Case Study 01: Building a File Organizer CLI

Overview

In this case study, we build a complete CLI tool called fileorg that automatically organizes files in a directory by sorting them into subdirectories based on file type, modification date, or custom rules. This project demonstrates how to use AI-assisted development to build a practical, production-quality command-line tool from scratch, applying every concept from Chapter 15.

The file organizer is a tool that many developers build at some point -- a cluttered Downloads folder is a universal frustration.
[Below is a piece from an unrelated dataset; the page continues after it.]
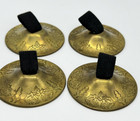 Floral Etched Brass Belly Dancing Musical Finger Cymbals Castanets Set Of 4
What makes this case study instructive is not the novelty of the idea but the quality of the implementation: proper argument parsing, configuration support, progress feedback, safe file operations, comprehensive error handling, and logging.

Requirements

Before writing any code, we define what the tool must do:

Functional Requirements: - Organize files by type (documents, images, audio, video, archives, code, other) - Organize files by date (year/month subdirectories based on modification time) - Support custom rules defined in a configuration file (e.g., move *.psd files to a design/ folder) - Preview mode (dry run) that shows what would happen without moving files - Undo support by writing a manifest of all moves

Non-Functional Requirements: - Handle thousands of files without excessive memory usage - Provide a progress bar for large directories - Log all operations to a file - Exit with appropriate codes on success, partial success, and failure - Support both interactive use and scripting (no mandatory prompts)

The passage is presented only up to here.